- _YOUR GOAL_
Restate word for word the entries below, starting at the line with "Sight Word Worksheets For Kindergarten" and ending at the line with "Toddler girls good glitter bow shoes". Keep both end lines and omit the pictures.
━━━ MATERIAL FOR THE TASK
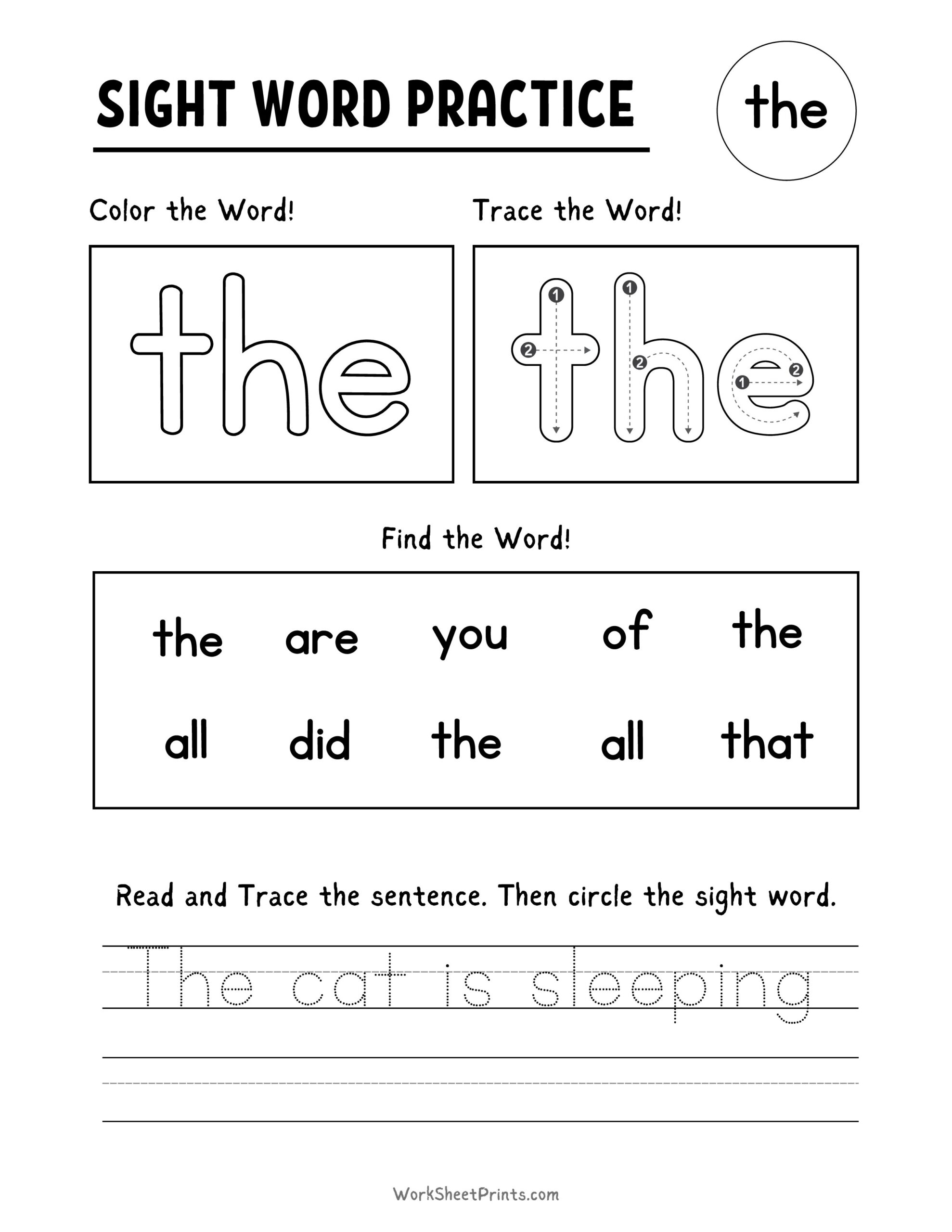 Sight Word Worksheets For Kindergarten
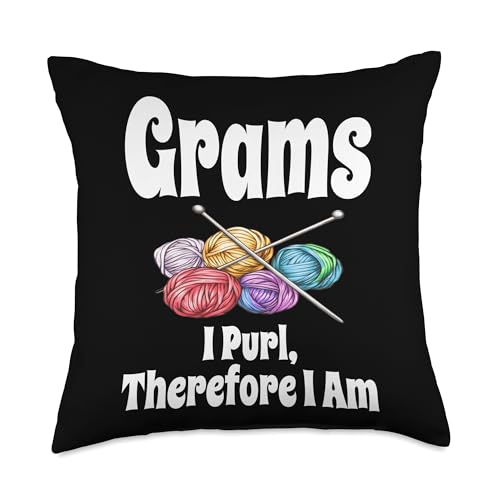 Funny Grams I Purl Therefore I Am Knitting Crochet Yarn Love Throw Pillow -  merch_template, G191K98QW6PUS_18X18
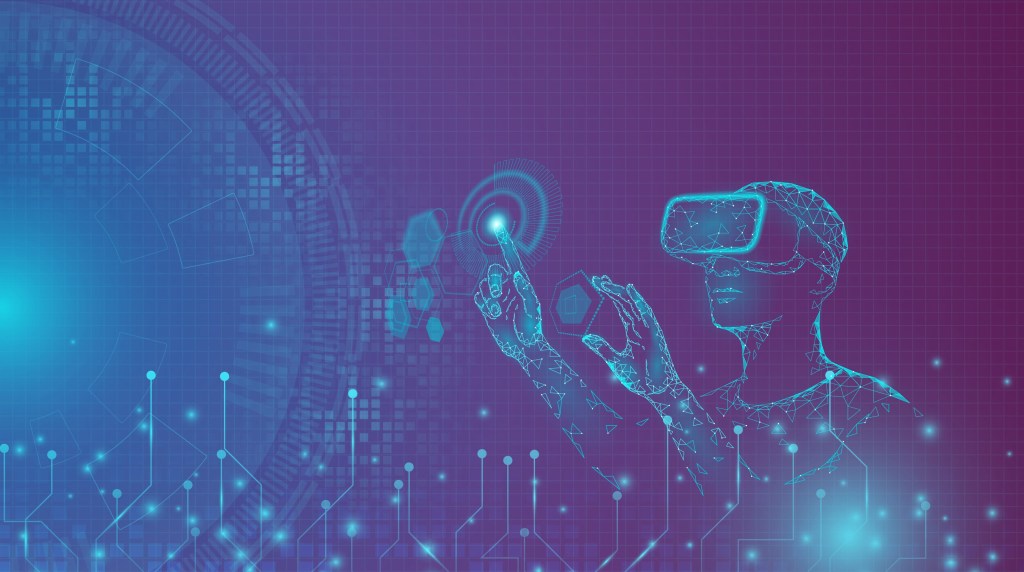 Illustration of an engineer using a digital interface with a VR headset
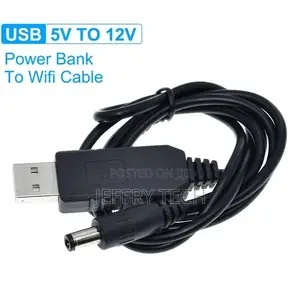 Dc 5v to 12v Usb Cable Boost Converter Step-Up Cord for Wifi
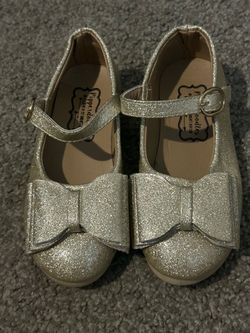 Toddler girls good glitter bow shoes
━━━━━━
━━━ MATERIAL FOR THE TASK
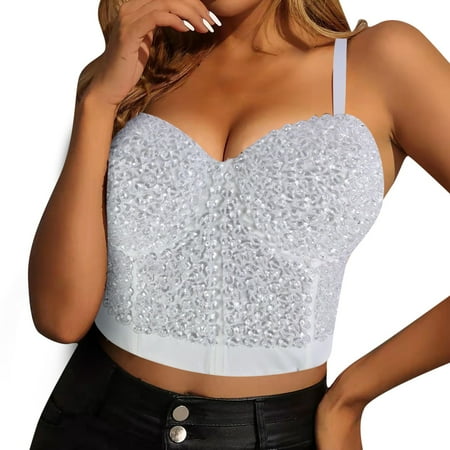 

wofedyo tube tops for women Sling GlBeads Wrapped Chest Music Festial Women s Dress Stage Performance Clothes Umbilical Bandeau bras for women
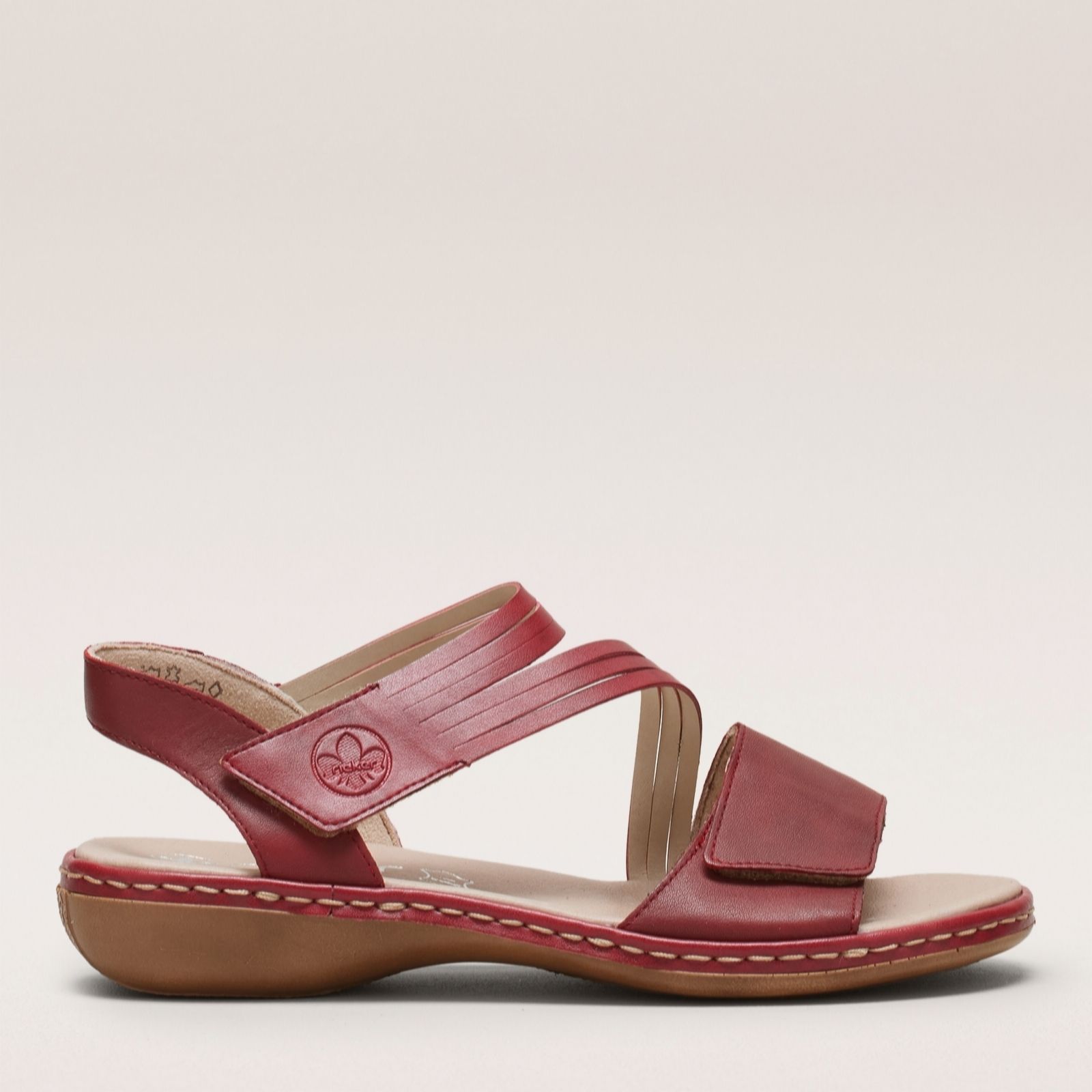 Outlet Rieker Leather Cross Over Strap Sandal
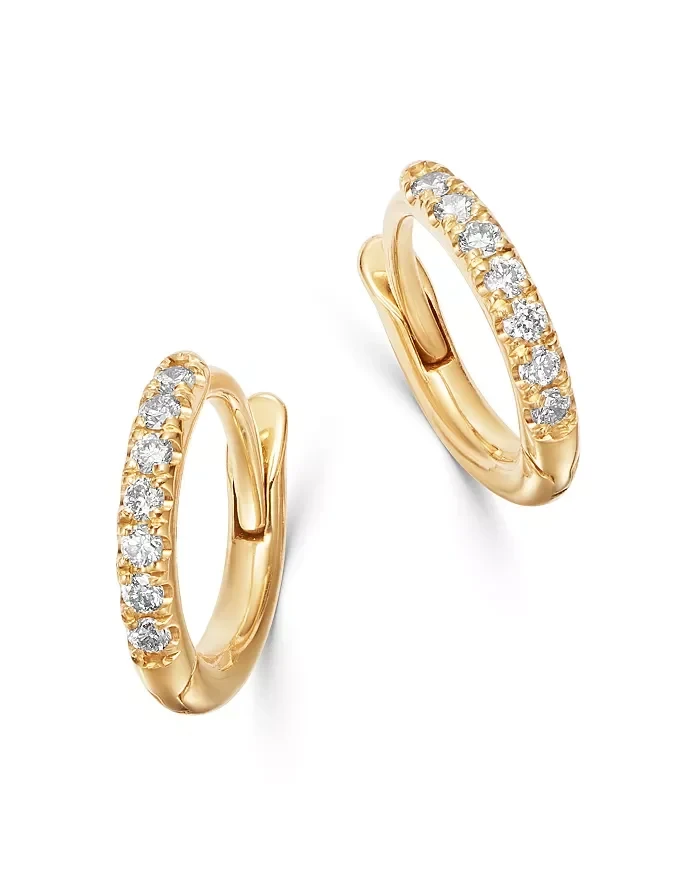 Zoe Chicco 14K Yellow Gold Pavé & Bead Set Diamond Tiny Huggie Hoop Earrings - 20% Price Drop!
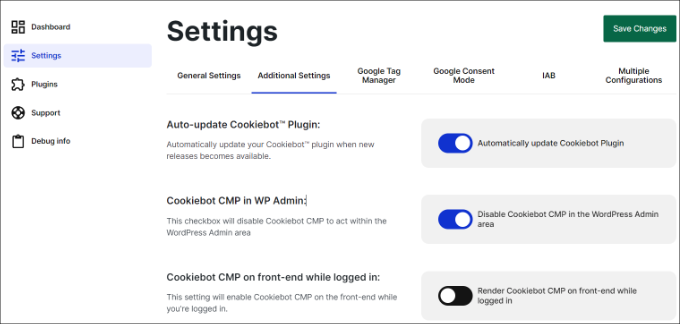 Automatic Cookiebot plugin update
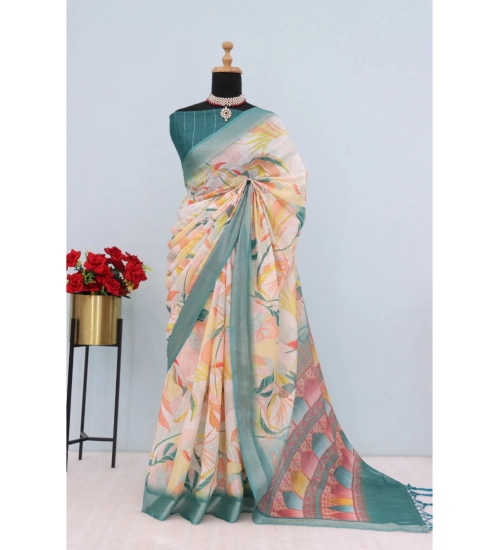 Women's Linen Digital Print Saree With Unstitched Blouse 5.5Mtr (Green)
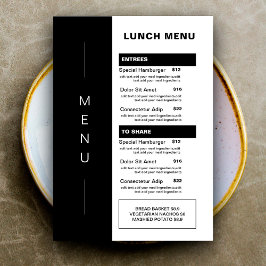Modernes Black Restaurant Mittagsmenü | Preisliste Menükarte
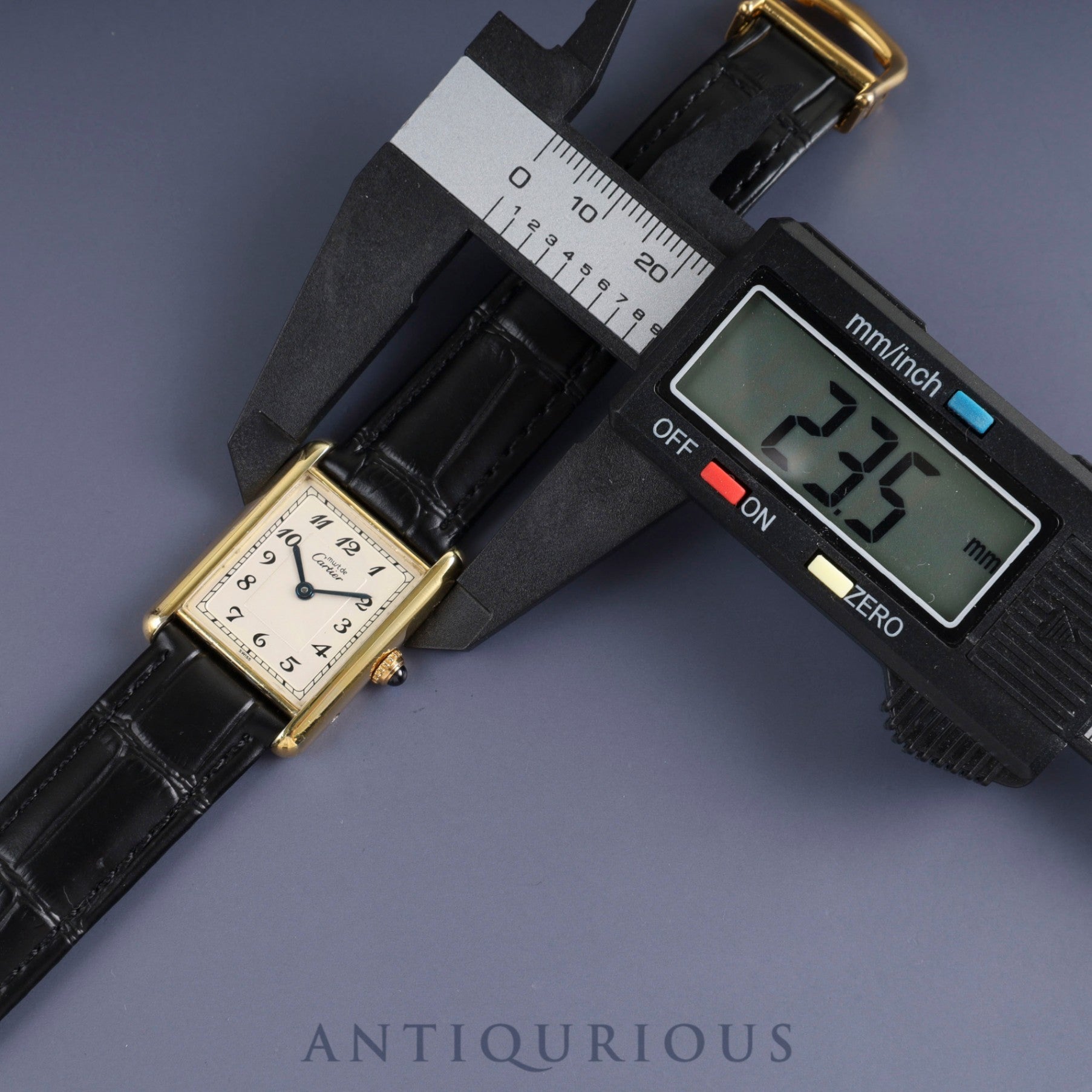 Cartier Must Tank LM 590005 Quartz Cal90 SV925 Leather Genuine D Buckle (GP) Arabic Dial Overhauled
━━━━━━
- _COMPLETED TASK_
 Sight Word Worksheets For Kindergarten
 Funny Grams I Purl Therefore I Am Knitting Crochet Yarn Love Throw Pillow -  merch_template, G191K98QW6PUS_18X18
 Illustration of an engineer using a digital interface with a VR headset
 Dc 5v to 12v Usb Cable Boost Converter Step-Up Cord for Wifi
 Toddler girls good glitter bow shoes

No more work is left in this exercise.